Au XVIe siècle, des Juifs marranes émigrent en Corse[4]. Selon des sites israéliens francophones, certains portent des noms devenus aujourd'hui célèbres : Zuccarelli, Giacobbi ou Siméoni[5]. Toutefois, ces noms n'ont en réalité aucun lien avec les Juifs, il s'agit plutôt de patronymes et de noms en lien avec le christianisme, aux saints chrétiens ainsi que d'une italianisation des noms ou une attribution de noms de famille. En effet, les Corses ne portaient pas de noms de famille avant le XVIe siècle hormis la noblesse corse[6].

Ashkénazes de Padoue

Entre l'an 1590 et l'an 1684, les Juifs ashkénazes de Padoue sont obligés de vivre dans un ghetto édifié en 1516. Cette période est marquée par de multiples violences contre la communauté juive et une grande partie d'entre elle aurait décidé après ces désastreux évènements d'émigrer en Corse.

Un mythe persistant veut que les habitants les nommèrent Padovani, ce qui signifie : venus de Padoue[7]. En réalité, le nom de famille « Padovani », très répandu de nos jours en Corse, est une référence au saint éponyme, Antoine de Padoue[6].

Génétique et patronymie

Si des présences juives en Corse sont attestées, la génétique de la population globale corse ne démontre pas qu'il y ait des origines juives. En effet, une étude génétique réalisée en 2019, établit que la population corse n'est pas d'origine juive, tout comme la provenance de certains noms de famille qui sont en fait simplement tirés des noms bibliques, ces patronymes sont également portés par beaucoup d'Italiens qui n'ont pourtant aucune origine juive[7].

La génétique de la population montre que s'il existe des origines sémitiques dans la population corse issues de populations arabisées du Levant et d'Afrique du Nord et datant de l'époque de l'expansion de l'islam et des tentatives d'invasion par les Arabes au VIIe siècle, il n'existe pas de trace de mélange au-delà de cette période.
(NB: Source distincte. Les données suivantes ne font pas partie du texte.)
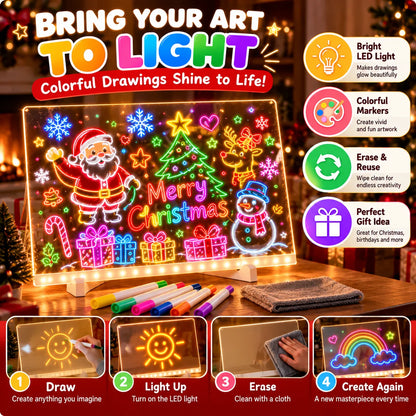 🎨 LED Light-Up Drawing Board for Kids – Reusable Glow Art Kit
Les Corses, population insulaire, avaient donc, comme d'autres populations insulaires, plutôt tendance à être ethniquement endogames pendant de longues périodes[8].

Les noms de famille corses sont issus d'une italianisation[9],[7], alors que les noms de famille n'existaient pas avant le XVIIe siècle en Corse à l'exception de la noblesse portant des noms issus des zones d'où viennent leurs familles. Notamment à l'étranger, les condotieri corses étaient appelés individuellement Corso pour les reconnaître.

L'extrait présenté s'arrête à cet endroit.